MATERIAL SUPPLIED Block Start
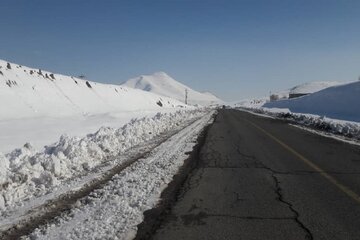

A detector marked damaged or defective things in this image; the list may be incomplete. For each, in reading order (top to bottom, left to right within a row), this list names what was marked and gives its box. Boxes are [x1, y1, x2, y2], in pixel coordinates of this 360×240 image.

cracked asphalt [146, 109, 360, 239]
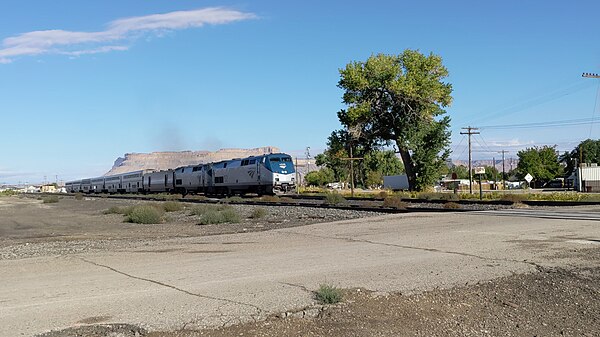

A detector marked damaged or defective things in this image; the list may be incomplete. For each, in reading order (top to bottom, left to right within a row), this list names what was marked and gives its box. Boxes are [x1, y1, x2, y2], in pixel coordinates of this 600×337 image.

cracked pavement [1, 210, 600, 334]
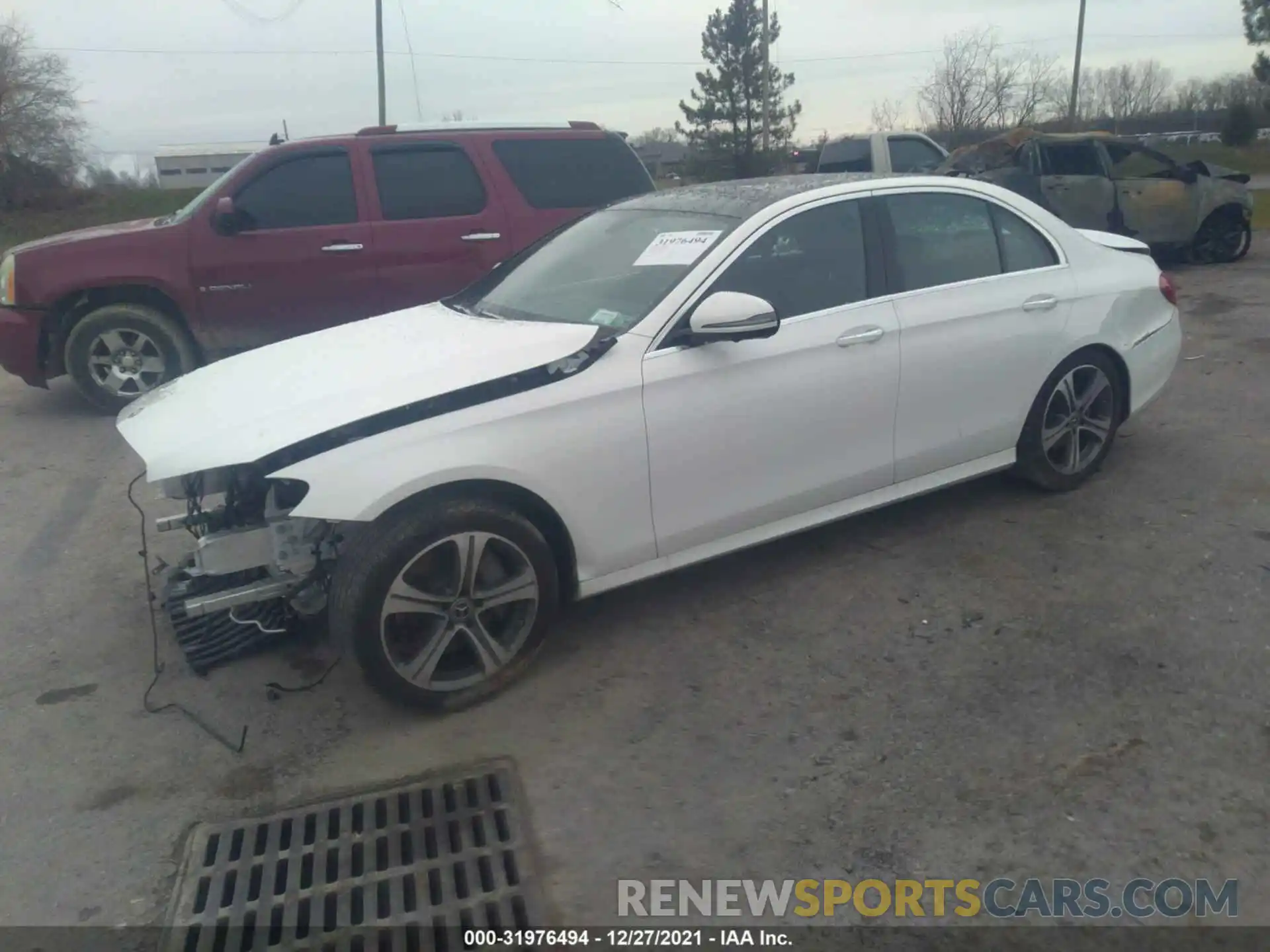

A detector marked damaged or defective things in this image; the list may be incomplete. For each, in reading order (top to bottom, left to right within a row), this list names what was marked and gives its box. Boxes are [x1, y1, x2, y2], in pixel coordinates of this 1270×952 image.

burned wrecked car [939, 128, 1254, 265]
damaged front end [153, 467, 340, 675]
MATERIAL SUPPLIED Block End
Beginning with the line that contains "this 1270×952 image." and ending with the last line of the data above, return those lines exactly and nothing else.

A detector marked damaged or defective things in this image; the list may be incomplete. For each, in reading order (top to bottom, left to right within a row), this list names what was marked and gives its box. Boxes are [x1, y1, x2, y2], in pixel coordinates of this 1270×952 image.

burned wrecked car [939, 128, 1254, 265]
damaged front end [153, 467, 340, 675]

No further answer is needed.